After not seeing Newton for two months -- Hermann is away in Alaska at another PPDC lab, his time filled with endless hours of dark with the occasional break for some truly spectacular displays of the Aurora Borealis -- they crash together again.

Hermann can’t even be mad, afterwards, when he’s spread out on messy, wrinkled sheets, that Newton has destroyed him so. His skin is a constellation of bitemarks and scratches and bruises -- and he has never felt quite so missed, quite so cherished before. He will be reminded of Newton for weeks as he heals, only for have Newton replace them again, later. Just as the last remnants fade. Just like always.

“Don’t go like that again,” Newton says. His voice is firm, but it still sounds like a plea.

Hermann is laying back, staring at the blank white of his ceiling. Too warm, too exhausted. Newton isn’t necessarily _cuddling_ him, because Newton Geiszler doesn’t do that -- strangely -- but he is half-draped over Hermann. Lazy and exhausted. Various points of contact burning hot and bright between the two of them.

“What am I supposed to do without you here?” Newt says, like it’s years ago. “It’s all too quiet with you gone.” Like they see each other every day, still. Not at all like they don’t go weeks on end without a single word.

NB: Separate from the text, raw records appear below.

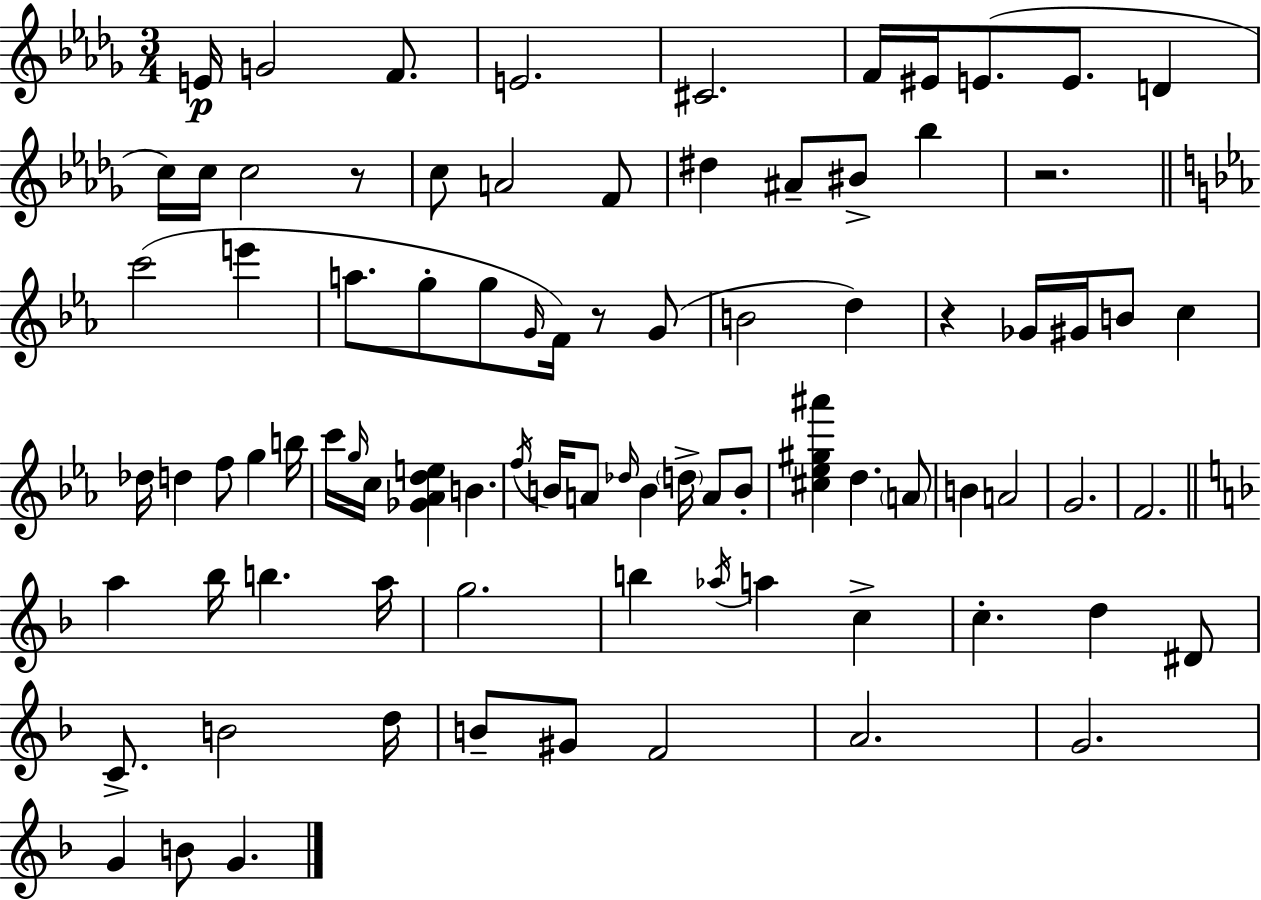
{
  \clef treble
  \numericTimeSignature
  \time 3/4
  \key bes \minor
  e'16\p g'2 f'8. | e'2. | cis'2. | f'16 eis'16 e'8.( e'8. d'4 | \break c''16) c''16 c''2 r8 | c''8 a'2 f'8 | dis''4 ais'8-- bis'8-> bes''4 | r2. | \break \bar "||" \break \key ees \major c'''2( e'''4 | a''8. g''8-. g''8 \grace { g'16 }) f'16 r8 g'8( | b'2 d''4) | r4 ges'16 gis'16 b'8 c''4 | \break des''16 d''4 f''8 g''4 | b''16 c'''16 \grace { g''16 } c''16 <ges' aes' d'' e''>4 b'4. | \acciaccatura { f''16 } b'16 a'8 \grace { des''16 } b'4 \parenthesize d''16-> | a'8 b'8-. <cis'' ees'' gis'' ais'''>4 d''4. | \break \parenthesize a'8 b'4 a'2 | g'2. | f'2. | \bar "||" \break \key f \major a''4 bes''16 b''4. a''16 | g''2. | b''4 \acciaccatura { aes''16 } a''4 c''4-> | c''4.-. d''4 dis'8 | \break c'8.-> b'2 | d''16 b'8-- gis'8 f'2 | a'2. | g'2. | \break g'4 b'8 g'4. | \bar "|."
} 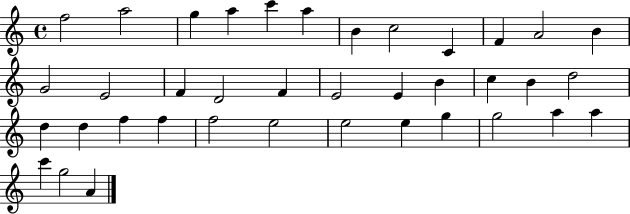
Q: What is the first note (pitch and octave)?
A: F5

A week later, Newton leaves for two months.

\--

The cycle repeats itself too many times to count.

\--

Hermann knows that this cannot go on indefinitely. He knows he must break it off sooner, rather than later. But that is far easier said than done.

It’s already been too long.

Years.

 _Years_.

The time flies by. And it slogs.

The moments he spends with Newton always feel fleeting, too ephemeral to hold onto for any longer than a blink of an eye. Before he can even truly appreciate them, they are gone and falling through his fingers and out of his grasp. But the moments in between -- they drag on, like the dredges of the war. Like the endless days and nights in his lab. Like the fog after a nightmare full of too many thoughts, full of a multiplicity of consciousness.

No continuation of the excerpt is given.